START EXERCISE DATA

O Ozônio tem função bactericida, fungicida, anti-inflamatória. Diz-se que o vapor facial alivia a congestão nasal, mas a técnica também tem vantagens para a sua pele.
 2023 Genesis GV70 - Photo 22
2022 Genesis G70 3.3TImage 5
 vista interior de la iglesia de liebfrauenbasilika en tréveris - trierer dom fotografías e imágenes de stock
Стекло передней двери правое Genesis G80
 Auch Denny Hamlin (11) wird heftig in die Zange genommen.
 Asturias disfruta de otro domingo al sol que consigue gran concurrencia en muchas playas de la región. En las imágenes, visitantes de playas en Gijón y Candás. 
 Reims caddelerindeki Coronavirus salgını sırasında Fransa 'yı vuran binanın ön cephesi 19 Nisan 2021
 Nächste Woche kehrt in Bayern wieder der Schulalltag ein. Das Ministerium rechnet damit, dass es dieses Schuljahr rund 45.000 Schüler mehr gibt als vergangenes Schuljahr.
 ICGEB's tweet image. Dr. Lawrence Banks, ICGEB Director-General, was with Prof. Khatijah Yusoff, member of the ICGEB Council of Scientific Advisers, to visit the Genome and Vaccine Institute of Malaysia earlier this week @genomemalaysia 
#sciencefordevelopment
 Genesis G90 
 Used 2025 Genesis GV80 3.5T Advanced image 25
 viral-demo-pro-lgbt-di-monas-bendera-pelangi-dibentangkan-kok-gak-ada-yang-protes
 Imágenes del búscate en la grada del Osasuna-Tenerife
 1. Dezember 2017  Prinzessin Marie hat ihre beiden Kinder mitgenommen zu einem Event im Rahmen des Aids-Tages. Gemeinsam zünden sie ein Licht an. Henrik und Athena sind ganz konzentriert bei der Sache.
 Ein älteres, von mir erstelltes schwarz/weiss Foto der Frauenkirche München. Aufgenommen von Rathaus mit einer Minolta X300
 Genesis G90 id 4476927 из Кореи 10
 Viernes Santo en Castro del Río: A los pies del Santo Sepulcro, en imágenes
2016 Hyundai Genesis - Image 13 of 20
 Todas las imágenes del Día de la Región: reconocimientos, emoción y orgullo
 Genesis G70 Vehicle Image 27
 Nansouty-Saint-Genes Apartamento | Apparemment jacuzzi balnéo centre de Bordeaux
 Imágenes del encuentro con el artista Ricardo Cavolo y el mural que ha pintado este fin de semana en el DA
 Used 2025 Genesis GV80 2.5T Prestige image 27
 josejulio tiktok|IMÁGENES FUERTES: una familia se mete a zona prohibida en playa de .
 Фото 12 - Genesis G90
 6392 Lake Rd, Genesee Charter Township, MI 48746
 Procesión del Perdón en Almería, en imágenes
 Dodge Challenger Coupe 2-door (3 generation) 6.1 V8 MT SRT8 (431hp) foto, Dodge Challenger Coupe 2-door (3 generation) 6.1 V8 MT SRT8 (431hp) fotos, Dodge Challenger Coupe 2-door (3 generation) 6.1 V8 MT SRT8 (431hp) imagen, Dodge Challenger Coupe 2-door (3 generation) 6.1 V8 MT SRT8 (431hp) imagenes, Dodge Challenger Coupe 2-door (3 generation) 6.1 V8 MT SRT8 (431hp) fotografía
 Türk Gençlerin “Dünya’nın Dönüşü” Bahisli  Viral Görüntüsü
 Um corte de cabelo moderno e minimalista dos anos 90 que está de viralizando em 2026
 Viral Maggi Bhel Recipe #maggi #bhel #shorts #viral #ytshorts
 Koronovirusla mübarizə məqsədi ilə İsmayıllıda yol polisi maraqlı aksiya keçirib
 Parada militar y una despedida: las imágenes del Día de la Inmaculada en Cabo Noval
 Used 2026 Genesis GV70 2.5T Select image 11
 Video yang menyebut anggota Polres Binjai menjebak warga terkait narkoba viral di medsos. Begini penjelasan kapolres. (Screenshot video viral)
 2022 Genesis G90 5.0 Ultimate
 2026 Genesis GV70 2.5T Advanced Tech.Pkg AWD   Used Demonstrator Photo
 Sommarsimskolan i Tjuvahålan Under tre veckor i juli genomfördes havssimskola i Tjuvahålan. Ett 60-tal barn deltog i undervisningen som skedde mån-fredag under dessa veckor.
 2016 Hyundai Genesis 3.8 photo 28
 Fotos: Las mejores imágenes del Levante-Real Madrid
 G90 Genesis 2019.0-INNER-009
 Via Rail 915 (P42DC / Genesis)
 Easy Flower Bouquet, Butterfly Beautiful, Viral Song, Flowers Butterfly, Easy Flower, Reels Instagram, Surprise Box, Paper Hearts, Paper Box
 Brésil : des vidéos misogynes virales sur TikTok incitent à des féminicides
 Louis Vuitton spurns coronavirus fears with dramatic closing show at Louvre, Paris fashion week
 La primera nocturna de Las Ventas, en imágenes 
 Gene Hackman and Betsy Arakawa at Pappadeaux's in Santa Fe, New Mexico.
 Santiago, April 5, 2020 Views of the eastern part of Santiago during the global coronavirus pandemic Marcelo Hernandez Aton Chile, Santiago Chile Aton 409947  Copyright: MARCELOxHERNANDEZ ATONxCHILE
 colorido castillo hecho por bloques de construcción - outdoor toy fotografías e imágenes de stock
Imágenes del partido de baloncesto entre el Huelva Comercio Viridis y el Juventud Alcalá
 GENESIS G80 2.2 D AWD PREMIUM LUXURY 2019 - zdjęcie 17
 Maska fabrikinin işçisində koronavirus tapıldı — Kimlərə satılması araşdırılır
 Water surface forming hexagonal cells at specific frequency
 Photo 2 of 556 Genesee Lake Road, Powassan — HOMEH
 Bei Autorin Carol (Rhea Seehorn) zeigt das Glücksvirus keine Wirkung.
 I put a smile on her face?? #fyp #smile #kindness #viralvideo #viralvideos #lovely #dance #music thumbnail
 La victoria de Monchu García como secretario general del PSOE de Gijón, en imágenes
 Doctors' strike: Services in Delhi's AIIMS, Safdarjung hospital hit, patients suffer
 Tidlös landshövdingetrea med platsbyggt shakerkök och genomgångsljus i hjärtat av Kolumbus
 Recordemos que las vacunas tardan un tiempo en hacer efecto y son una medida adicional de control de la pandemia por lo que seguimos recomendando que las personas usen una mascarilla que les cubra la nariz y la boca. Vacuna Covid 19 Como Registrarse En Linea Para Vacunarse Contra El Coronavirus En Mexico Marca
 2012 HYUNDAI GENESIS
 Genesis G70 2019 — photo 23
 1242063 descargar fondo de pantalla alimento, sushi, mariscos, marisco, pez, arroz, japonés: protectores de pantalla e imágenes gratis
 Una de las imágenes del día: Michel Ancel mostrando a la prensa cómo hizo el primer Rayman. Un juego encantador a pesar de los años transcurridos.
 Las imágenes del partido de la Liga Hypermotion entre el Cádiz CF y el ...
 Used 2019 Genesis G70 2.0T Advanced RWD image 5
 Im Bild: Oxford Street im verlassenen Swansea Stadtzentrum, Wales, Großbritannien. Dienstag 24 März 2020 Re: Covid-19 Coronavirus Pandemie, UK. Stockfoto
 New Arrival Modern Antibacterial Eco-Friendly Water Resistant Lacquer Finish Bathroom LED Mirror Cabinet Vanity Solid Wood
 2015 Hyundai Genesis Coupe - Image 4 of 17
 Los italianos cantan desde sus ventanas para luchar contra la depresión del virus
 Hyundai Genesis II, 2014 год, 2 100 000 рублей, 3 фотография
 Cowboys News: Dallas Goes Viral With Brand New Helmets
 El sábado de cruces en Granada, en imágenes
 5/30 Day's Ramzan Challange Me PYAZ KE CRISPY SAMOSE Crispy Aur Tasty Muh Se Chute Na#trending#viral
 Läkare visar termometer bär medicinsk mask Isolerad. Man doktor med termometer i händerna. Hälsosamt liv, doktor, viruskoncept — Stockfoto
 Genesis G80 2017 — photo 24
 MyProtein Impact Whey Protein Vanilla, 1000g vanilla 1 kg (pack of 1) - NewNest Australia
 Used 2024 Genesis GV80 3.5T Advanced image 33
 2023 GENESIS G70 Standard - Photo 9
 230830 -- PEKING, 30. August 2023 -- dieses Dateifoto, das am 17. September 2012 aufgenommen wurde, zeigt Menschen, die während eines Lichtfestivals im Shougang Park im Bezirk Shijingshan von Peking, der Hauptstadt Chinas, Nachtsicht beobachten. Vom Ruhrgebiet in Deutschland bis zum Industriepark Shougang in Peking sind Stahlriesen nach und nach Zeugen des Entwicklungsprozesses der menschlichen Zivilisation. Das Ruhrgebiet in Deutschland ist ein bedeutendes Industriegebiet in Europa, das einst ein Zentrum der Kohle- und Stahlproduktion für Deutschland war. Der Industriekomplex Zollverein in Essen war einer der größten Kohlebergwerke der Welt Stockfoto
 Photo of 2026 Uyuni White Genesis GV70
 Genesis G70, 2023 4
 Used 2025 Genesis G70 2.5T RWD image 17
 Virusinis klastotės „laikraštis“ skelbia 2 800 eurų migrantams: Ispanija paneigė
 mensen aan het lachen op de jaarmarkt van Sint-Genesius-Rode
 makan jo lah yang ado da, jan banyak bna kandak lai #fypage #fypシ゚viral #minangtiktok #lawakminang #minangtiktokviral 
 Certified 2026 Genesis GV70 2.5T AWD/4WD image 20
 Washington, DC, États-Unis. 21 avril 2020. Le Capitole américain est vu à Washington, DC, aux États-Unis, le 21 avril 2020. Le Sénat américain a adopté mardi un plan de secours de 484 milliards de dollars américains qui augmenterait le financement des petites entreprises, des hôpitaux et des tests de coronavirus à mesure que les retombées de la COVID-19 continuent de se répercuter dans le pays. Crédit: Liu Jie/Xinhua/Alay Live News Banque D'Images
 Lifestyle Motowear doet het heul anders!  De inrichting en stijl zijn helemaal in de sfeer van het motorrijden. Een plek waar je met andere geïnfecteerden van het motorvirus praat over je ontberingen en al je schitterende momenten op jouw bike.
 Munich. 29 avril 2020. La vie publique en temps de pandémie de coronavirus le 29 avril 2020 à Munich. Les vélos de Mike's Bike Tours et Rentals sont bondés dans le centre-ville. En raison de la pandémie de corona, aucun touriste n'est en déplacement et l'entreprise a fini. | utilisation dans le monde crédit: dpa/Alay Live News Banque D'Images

END EXERCISE DATA

WHAT YOU ARE ASKED TO DO: The lines you need are those containing "News"; find them in the records and copy them.

ANSWER:
 Cowboys News: Dallas Goes Viral With Brand New Helmets
 Washington, DC, États-Unis. 21 avril 2020. Le Capitole américain est vu à Washington, DC, aux États-Unis, le 21 avril 2020. Le Sénat américain a adopté mardi un plan de secours de 484 milliards de dollars américains qui augmenterait le financement des petites entreprises, des hôpitaux et des tests de coronavirus à mesure que les retombées de la COVID-19 continuent de se répercuter dans le pays. Crédit: Liu Jie/Xinhua/Alay Live News Banque D'Images
 Munich. 29 avril 2020. La vie publique en temps de pandémie de coronavirus le 29 avril 2020 à Munich. Les vélos de Mike's Bike Tours et Rentals sont bondés dans le centre-ville. En raison de la pandémie de corona, aucun touriste n'est en déplacement et l'entreprise a fini. | utilisation dans le monde crédit: dpa/Alay Live News Banque D'Images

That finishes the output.